The performances from the five divas – Villette Dasha, Colleen Davis, Ria Hall, Sarah Nessia and Jennifer Ward-Lealand – are flawless. Taking the spotlight in turns, each one supports the whole with poise, style and grace.
And the live band on stage, led by the talented musical director Robin Kelly, is the icing on the cake. Kelly’s 5-piece band is in superb form, fulfilling a background and foreground role throughout the production. Not to mention the iconic Paddy Free’s brilliant contribution to the electronic music programming, which complements the spirited onstage band.
Likewise, Daniel Williams’ simple yet glitzy set, including the mandatory mirrorballs, make us in the cabaret seating feel like we are part of the show. However, I feel a visual shoe reference is missing, particularly since Mrs Marcos is synonymous with her infamous shoe collection.

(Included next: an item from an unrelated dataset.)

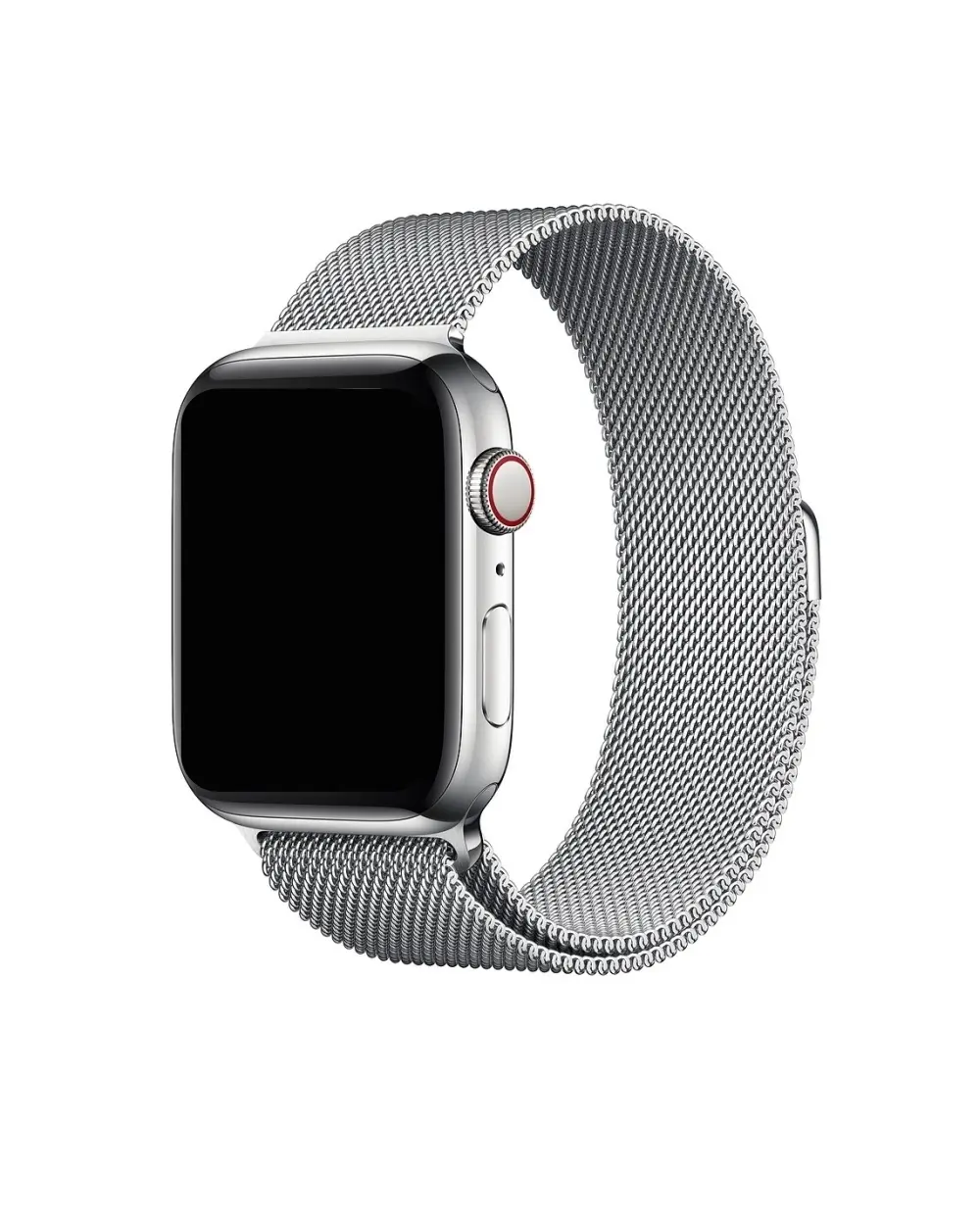 Silver stainless steel Milanese loop band smartwatch with red digital crown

It is equally impossible to ignore the impeccable costumes created by none other than our theatre costume doyenne Elizabeth Whiting. My personal favourite is the stunning ensemble that she put together for the lovely Villette Dasha.
So, my question is why do I feel let down after coming away from this brilliant production? After much soul searching and reading the programme from cover to cover, I realise that the lack of context or narrative is the missing link. Having lived through the Marcos regime from afar in Malaysia I feel that the gravitas of this album that was purposefully written “with shiny rhythms…that lull the listener into a false sense of familiarity with each song’s pop structure” is and will be lost on most of the audience members because the production fails to set the scene. On their website Silo Theatre has a commitment to “curate…work in direct response to the world around us”. Unfortunately, their lack of social commentary on such an historic bygone era in the Philippines could easily be construed as flippant.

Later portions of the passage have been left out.